St James

Image credit ©Stephen Bellion

The first four Apostles Jesus called were all fishing partners (Luke 5:10). To Peter and his brother Andrew “Jesus said ‘Come after me and I will make you fishers of men.’ Going a little farther, he saw James the son of Zebedee and his brother John. They too were in their boat mending their nets. He called them; so they left their father Zebedee in the boat with the hired men and followed him.” (Mark 1:16-20)


Three of these first four apostles were Jesus’ closest friends: Peter, James and John were a privileged threesome who were blessed to be present at the Transfiguration, the raising of the daughter of Jairus, and the Agony in Gethsemane. (Matthew 17:1-27, 26:37, Mark 5:37).
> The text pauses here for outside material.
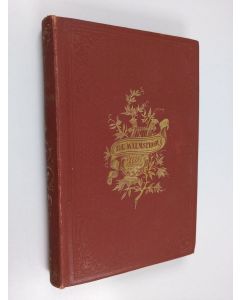 Kirjailijan Bernhard Elis Malmström käytetty kirja Dikter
Because they were favoured, however, Jesus found reasons to purify and discipline them. For example, St. mark tells how James and John came (Matthew says it was their mother) to ask that they have theseats of honour in the kingdom. When other disciples became indignant over such ambition, Jesus used the occasion to teach them all the lesson of the humble service. This Gospel passage (Matthew 20:20-28) is used on James’ Feast day, July 25.

On another occasion (Luke 9:52-56), James and his younger brother John demonstrated why Jesus nicknamed them “the sons of thunder” (Mark 3:17). A Samaritan town would not welcome Jesus. “When his disciples James and John saw this, they said, ‘Lord, would you not have us call down fire from heaven to destroy them?’ He turned toward them only to rebuke them.”

But the Lord’s death and resurrection, along with the descent of the Holy Spirit transformed them. James was apparently the first of the apostles to be martyred. “During that period, King Herod started to harass some of the members of the Church. He beheaded James, the brother of John, and when he saw that this pleased certain of the Jews, he took Peter into custody also.” (Acts 12:1-3). Our James is not to be confued with the leader of the Jerusalem community commemorated on July 3. This other apostle James “the Lesser” (meaning “the younger”) was the son of Alphaeus and Mary, not of Zebedee and his wife. Nor is our James the author of the Letter of James. The name “James” is the English form of the Hebrew “Jacob”.

In the Middle Ages, it seems almost everyone in Europe made a pilgrimage to James’ tomb in northwest Spain, so popular was our patron in those days. “These pilgrimage routes, the architectural forms edveloped along them, and the cultural customs connected with them were principal factors in the shaping of Western Europe. Pilgrims to his shrine wear scallop shells symbols that traditionally guarantee them the hospitality of any village through which they pass.” (Liturgy Training Publications Sourcebook, Archdiocese of Chicago). Since the seashell suggests baptism, James’s symbol is also a symbol for John the Baptist, as well as for anyone coming home from the beach.


In the Dogmatic Constitution on Revelation of Vatican II, paragraph 7, we read:

“Christ … commissioned the apostles to preach the gospel, the source of all saving truth and moral teaching, and by their preaching to impart divine gifts to all people. This commission was faithfully fulfilled by the apostles. By their oral preaching, by their example, and by their ordinances, the apostles handed on what they had received from the lips of Christ, from living with him, and from what he did, or what they had learned through the promptings of the Holy Spirit.”

REVELATION OF VATICAN II

Music for St James

Guillaume Dufay (circa 1400-1474). This is a glorious disc, superb performances of truly wonderful music. St James the Greater, Apostle of Christ, foster son of the Virgin Mary, brother of St John the Evangelist, and indelibly – if somewhat perplexingly – associated with Compostela, became the focus of many composers; after all, anyone who was anyone in the Middle Ages (including Chaucer’s Wife of Bath) would make a pilgrimage to St James’s shrine in Spain at some point in their life. The exact background to Dufay’s Mass is as yet unknown but it is an enormous work (forty minutes plus) of great passion.